Estos seminarios suelen tener matrícula gratuita para ciertos colectivos (por ejemplo, estudiantes del propio máster) y un coste reducido para otros profesionales interesados, incluyendo la posibilidad de reconocimiento como actividad de formación del profesorado según la normativa estatal sobre formación permanente, lo que los hace atractivos para ir sumando méritos sin una inversión de tiempo excesiva.
Validez en oposiciones, concursos y procesos de estabilización
Uno de los motivos principales para matricularse en cursos homologados de unidades didácticas es su validez como mérito en procesos selectivos. Según la normativa sobre ingreso y acceso a los cuerpos docentes (Real Decreto 276/2007 y sus modificaciones posteriores, en especial el RD 270/2022), la formación permanente se valora en la fase de concurso dentro de un apartado específico del baremo.
En los procedimientos de concurso-oposición tradicionales, la nota final resulta de ponderar la fase de oposición (normalmente dos tercios) y la fase de concurso (un tercio), donde la formación académica y la formación permanente aportan puntos. Los cursos homologados relacionados con la didáctica, la organización escolar, las TIC educativas o la especialidad suman en ese apartado, con un máximo que viene fijado en el baremo.

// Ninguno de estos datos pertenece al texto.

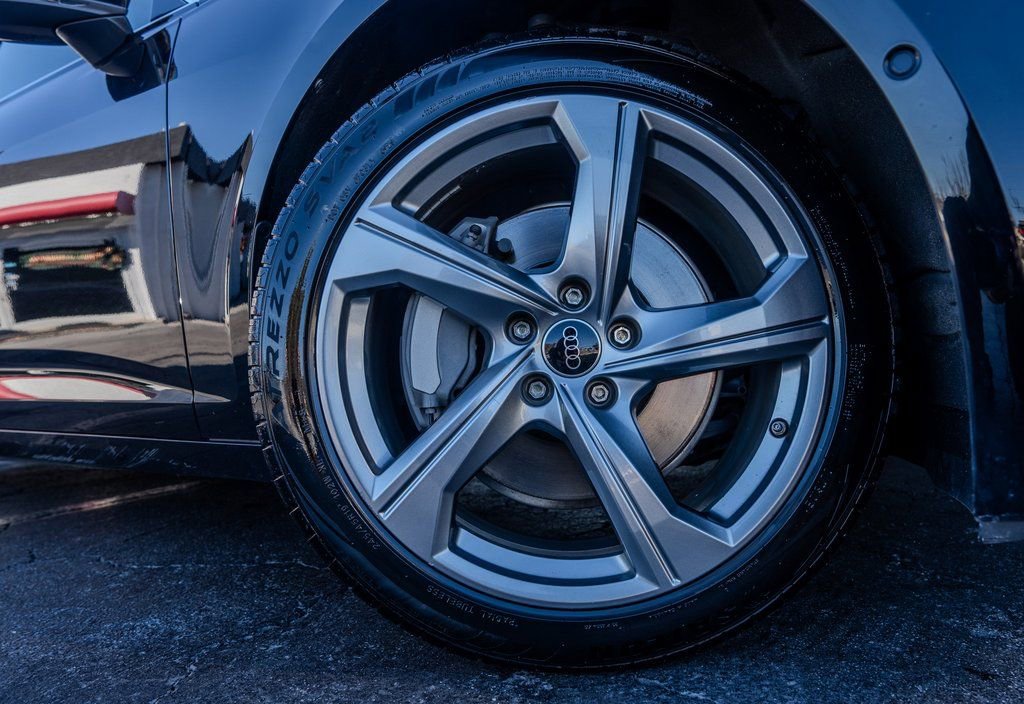 2024 Audi A6 Premium Plus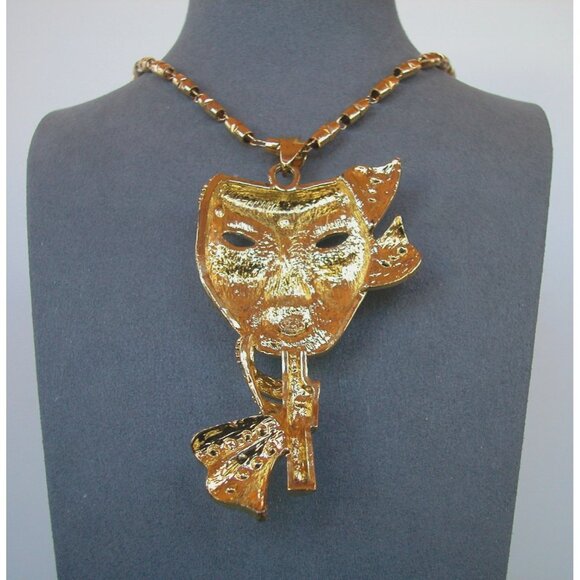 Gold-Tone Mardi Gras Mask Pendant Necklace 36" Unique Chain Design - Picture 3 of 5
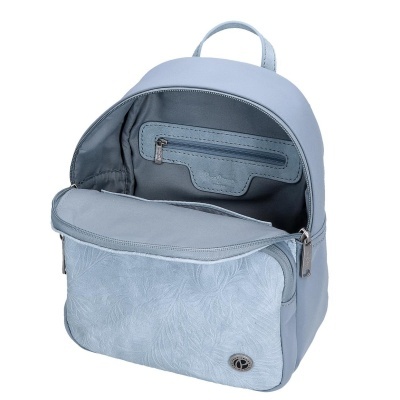 mochila azul clara com textura de folhas e fecho aberto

Los cambios normativos recientes han introducido además procesos de estabilización con sistemas de concurso-oposición no eliminatorios y concursos de méritos sin examen. En todos ellos, la experiencia docente previa se valora de forma preponderante, pero la formación académica y la formación permanente continúan teniendo su peso, especialmente en el caso del concurso excepcional de méritos, donde la puntuación máxima en formación puede ser mayor.
Eso sí, para que los cursos de formación permanente sean válidos, deben cumplir ciertas condiciones: han de estar convocados e impartidos por administraciones educativas, universidades, centros de profesorado o entidades sin ánimo de lucro con convenio con una administración. En el caso de las universidades, solo se consideran válidos los cursos que estas mismas imparten o certifican directamente, no los que dependen de terceros sin reconocimiento formal.
Además, los cursos deben estar relacionados con la especialidad del aspirante o con áreas como la organización escolar, la psicopedagogía o la sociología de la educación. En muchas convocatorias también se menciona expresamente la formación en nuevas tecnologías aplicadas a la educación como campo reconocido. Por eso, los cursos de unidades didácticas con enfoque LOMLOE suelen encajar perfectamente.
En la práctica, cada oposición concreta establece en sus bases cómo se contabilizan las horas de cursos, la correspondencia entre créditos ECTS y horas, el número máximo computable y la documentación que se debe presentar (certificado del curso, resolución de homologación si procede, etc.). Conviene revisar siempre esos detalles antes de la inscripción para no llevarse sorpresas.
Al final, formarse en programación y unidades didácticas tiene una doble ventaja: por un lado, mejora directamente tu desempeño en la oposición (especialmente en la segunda prueba, donde se presentan y defienden la programación y la unidad) y, por otro, te ayuda a sumar puntos en el baremo de méritos de la fase de concurso, tanto en procesos ordinarios como en los de estabilización.
La combinación de cursos impartidos por sindicatos o entidades con experiencia en oposiciones, seminarios universitarios especializados y formación homologada en LOMLOE, TIC y atención a la diversidad ofrece un itinerario muy completo para cualquier docente que quiera tomarse en serio la elaboración de sus unidades didácticas de secundaria y, al mismo tiempo, reforzar su posición en el complicado tablero de las oposiciones, concursos de traslados y procesos de estabilización docente.